> _Work instruction_:
Strip the pictures, then copy the remaining data exactly as it stands.

——————————

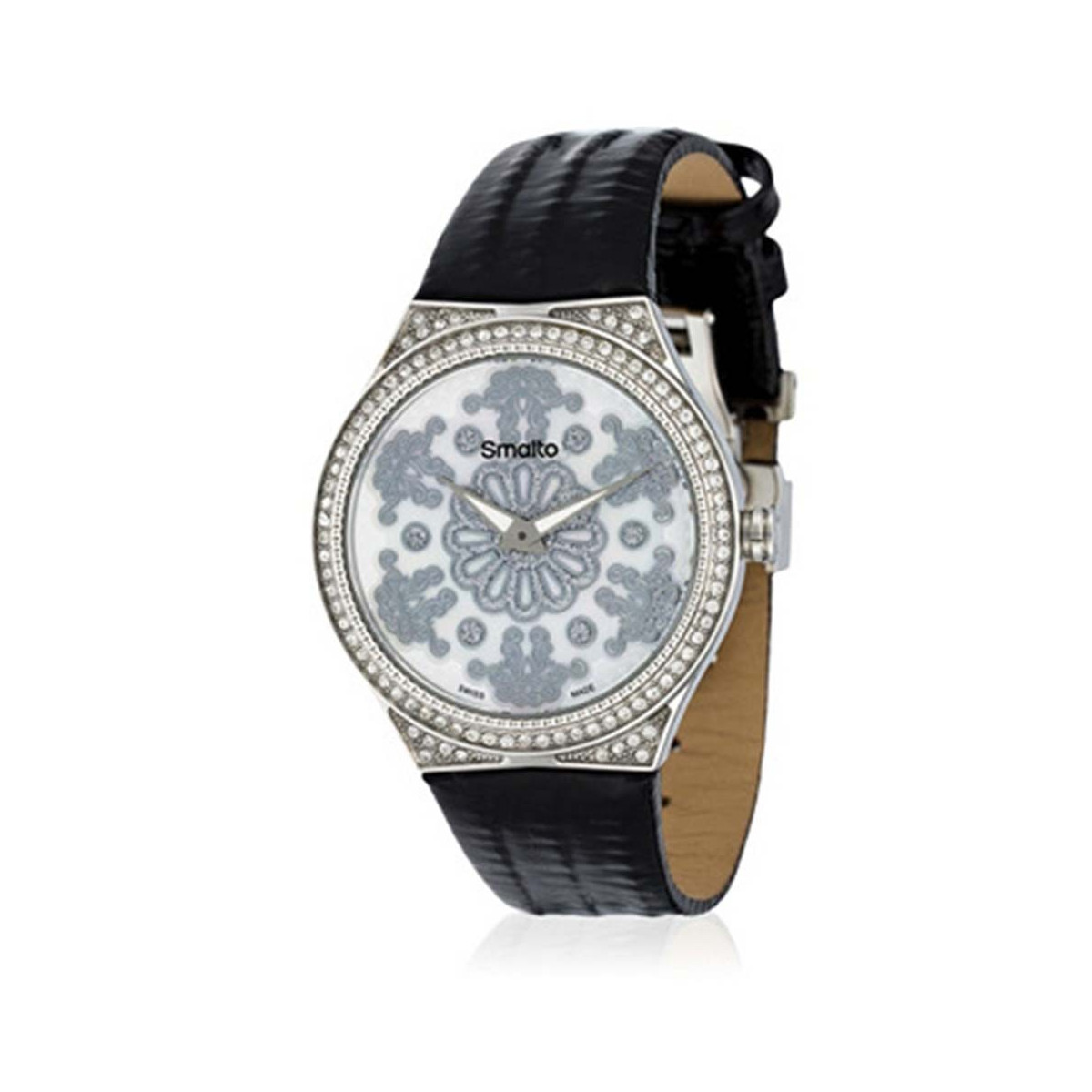 Montre Smalto Femme DALIA - SM710C1BC1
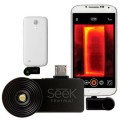 Seek Thermal Compact PRO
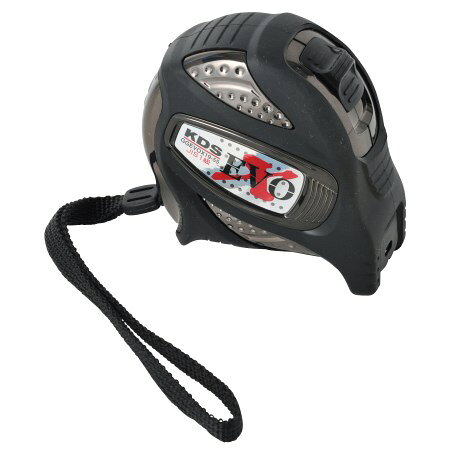 【ポスト投函対応】ムラテックKDS　GGEVO（ダブルジーエボ）エックス25巾7．5m　GGEVOX25-75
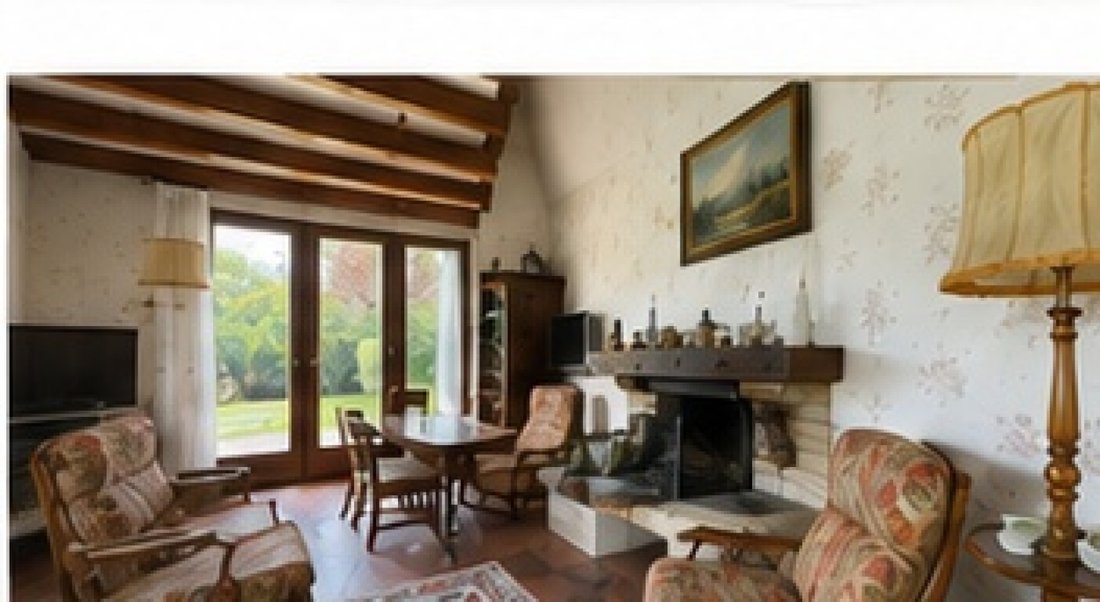 House in Cazaux, La Teste-de-Buch, France 2 - 18628544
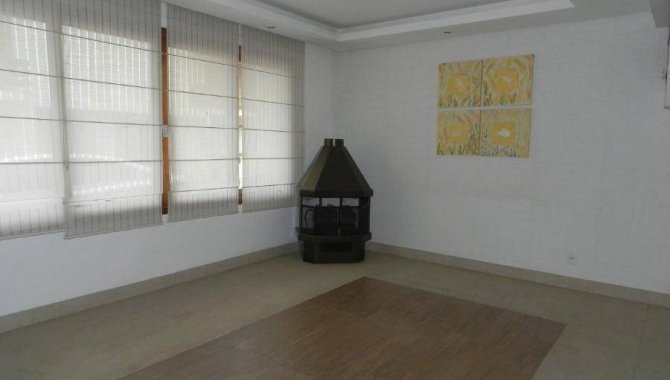 Foto - Casa em Condomínio 240 m² - Lomba do Pinheiro - Porto Alegre - RS - [7]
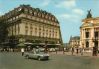 Paris_-_Ferrari_250_GT.jpg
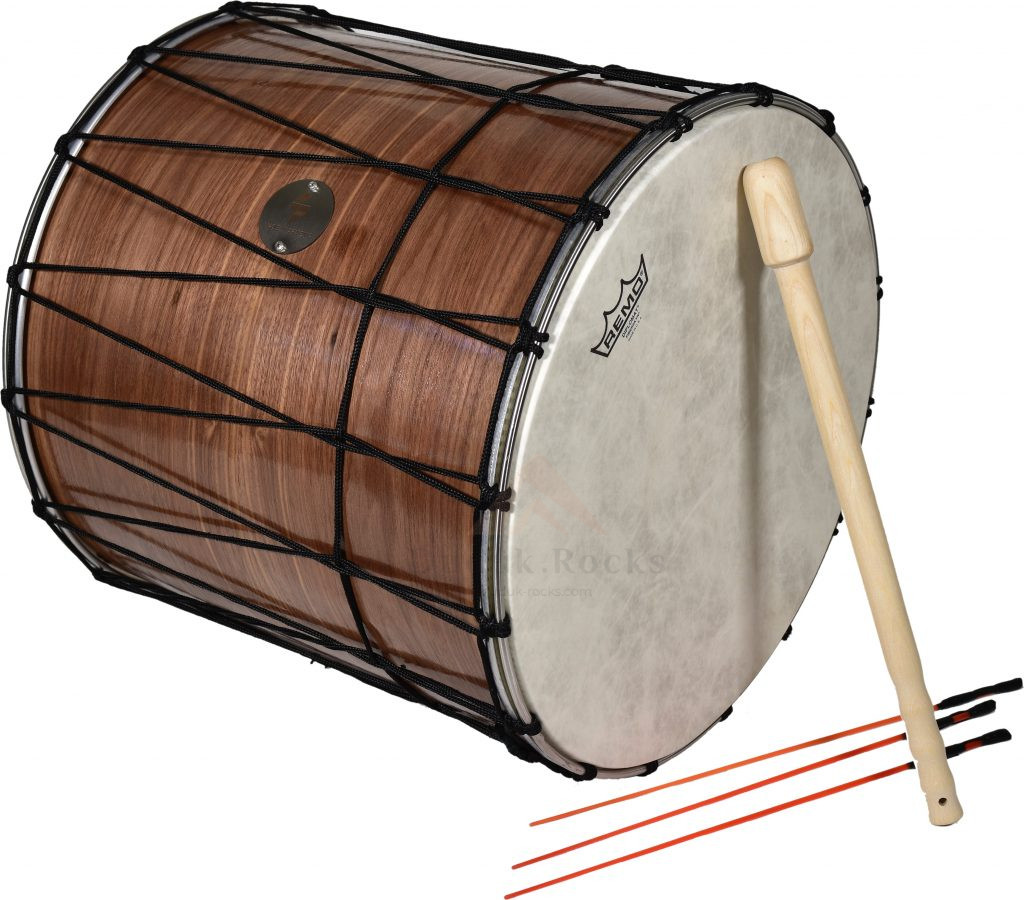 wooden_hammer_Kopal-Dhol_Davul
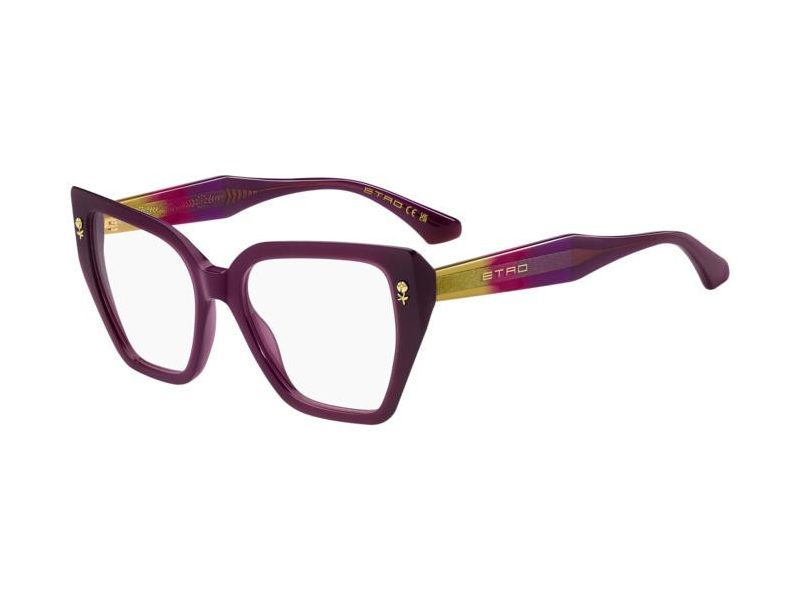 Etro Naočare ETRO 0116 365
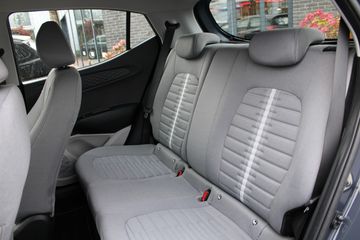 Voertuigafbeelding 20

——————————

> _Final answer_:
 Montre Smalto Femme DALIA - SM710C1BC1
 Seek Thermal Compact PRO
 【ポスト投函対応】ムラテックKDS　GGEVO（ダブルジーエボ）エックス25巾7．5m　GGEVOX25-75
 House in Cazaux, La Teste-de-Buch, France 2 - 18628544
 Foto - Casa em Condomínio 240 m² - Lomba do Pinheiro - Porto Alegre - RS - [7]
 Paris_-_Ferrari_250_GT.jpg
 wooden_hammer_Kopal-Dhol_Davul
 Etro Naočare ETRO 0116 365
 Voertuigafbeelding 20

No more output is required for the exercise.